## YOUR OBJECTIVE:
Your answer should be the exact lines of the data below from the one containing "the colors of beads are arranged in rows" through the one containing "<lora:_AG_MERATHON_Sirius_LORA:0.8> AG Sirius, medium"; please include nothing else.

[SUPPLIED MATERIAL — start]

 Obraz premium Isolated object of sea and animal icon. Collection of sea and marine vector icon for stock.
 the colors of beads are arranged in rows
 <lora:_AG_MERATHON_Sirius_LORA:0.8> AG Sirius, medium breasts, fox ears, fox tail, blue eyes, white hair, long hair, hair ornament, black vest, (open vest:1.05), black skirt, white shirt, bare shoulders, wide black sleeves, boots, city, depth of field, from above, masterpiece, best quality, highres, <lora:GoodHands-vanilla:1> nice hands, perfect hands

[SUPPLIED MATERIAL — finish]
[SUPPLIED MATERIAL — start]

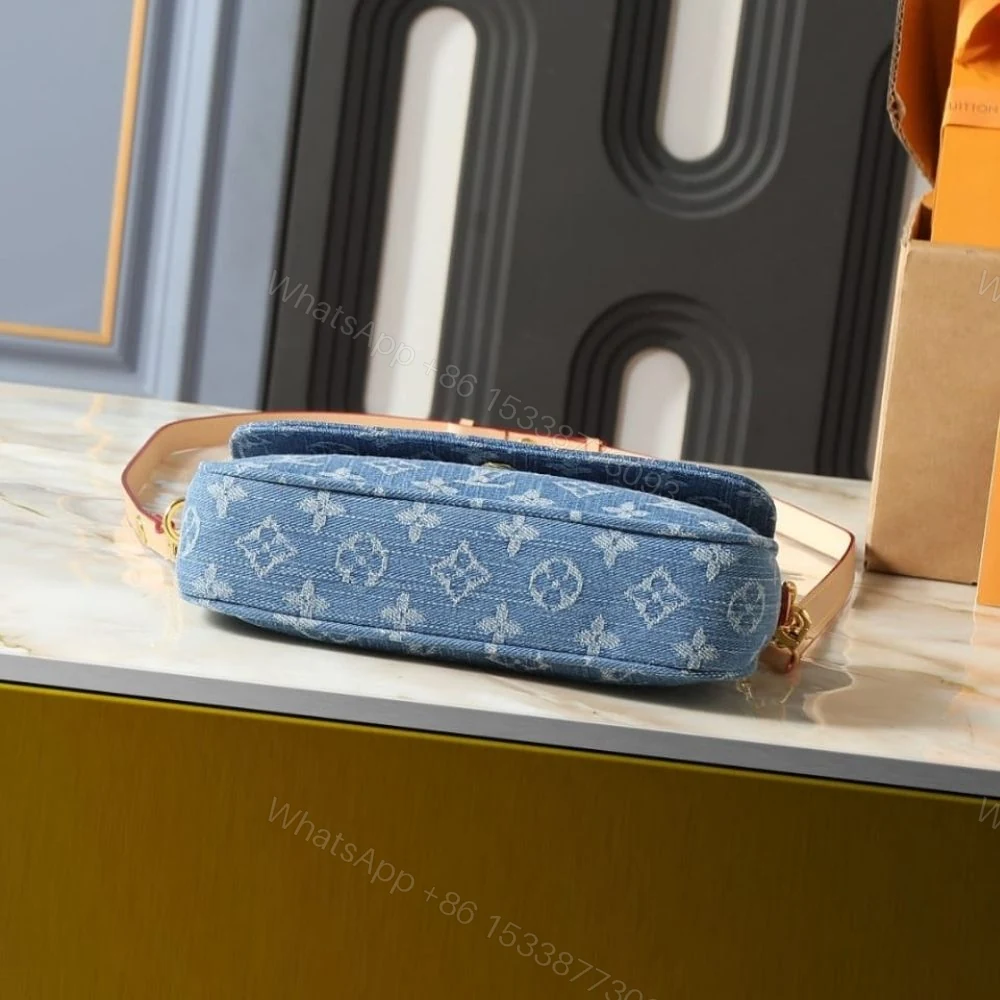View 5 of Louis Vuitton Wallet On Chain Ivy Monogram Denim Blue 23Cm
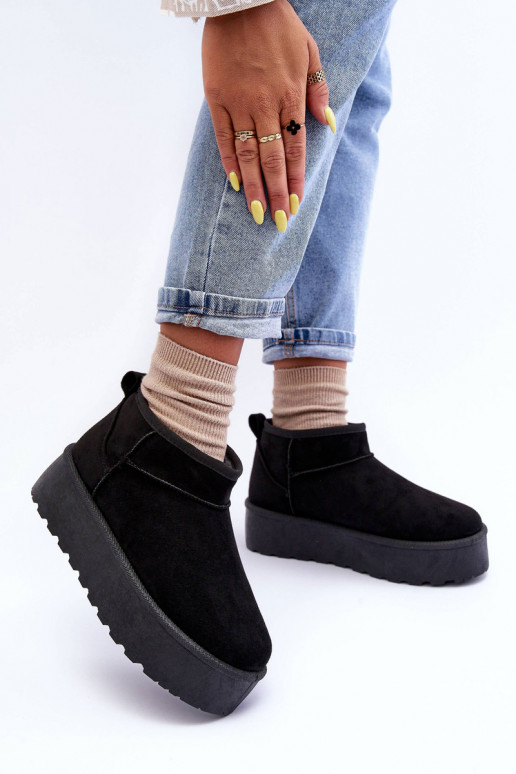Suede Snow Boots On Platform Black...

[SUPPLIED MATERIAL — finish]
[SUPPLIED MATERIAL — start]

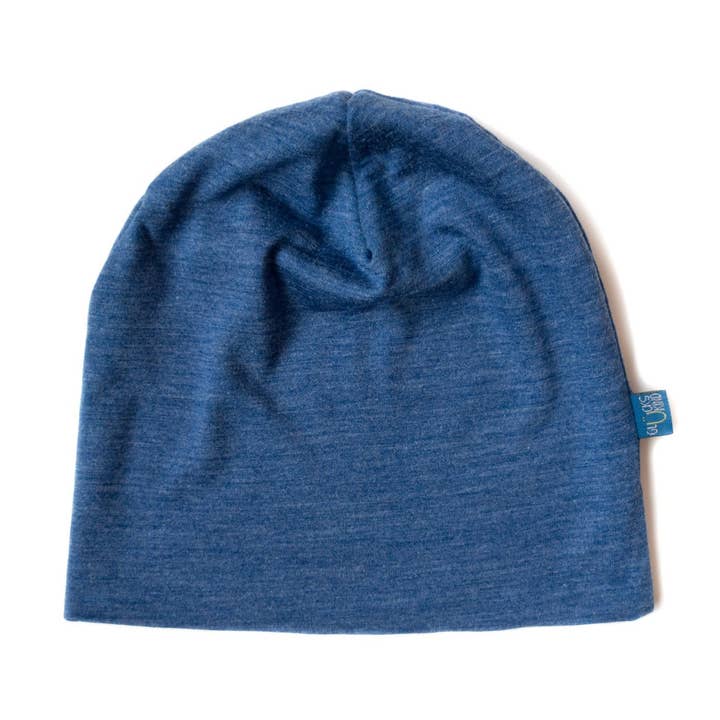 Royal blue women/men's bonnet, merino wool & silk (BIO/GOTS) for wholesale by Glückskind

[SUPPLIED MATERIAL — finish]

## WRITTEN ANSWER:
 the colors of beads are arranged in rows
 <lora:_AG_MERATHON_Sirius_LORA:0.8> AG Sirius, medium breasts, fox ears, fox tail, blue eyes, white hair, long hair, hair ornament, black vest, (open vest:1.05), black skirt, white shirt, bare shoulders, wide black sleeves, boots, city, depth of field, from above, masterpiece, best quality, highres, <lora:GoodHands-vanilla:1> nice hands, perfect hands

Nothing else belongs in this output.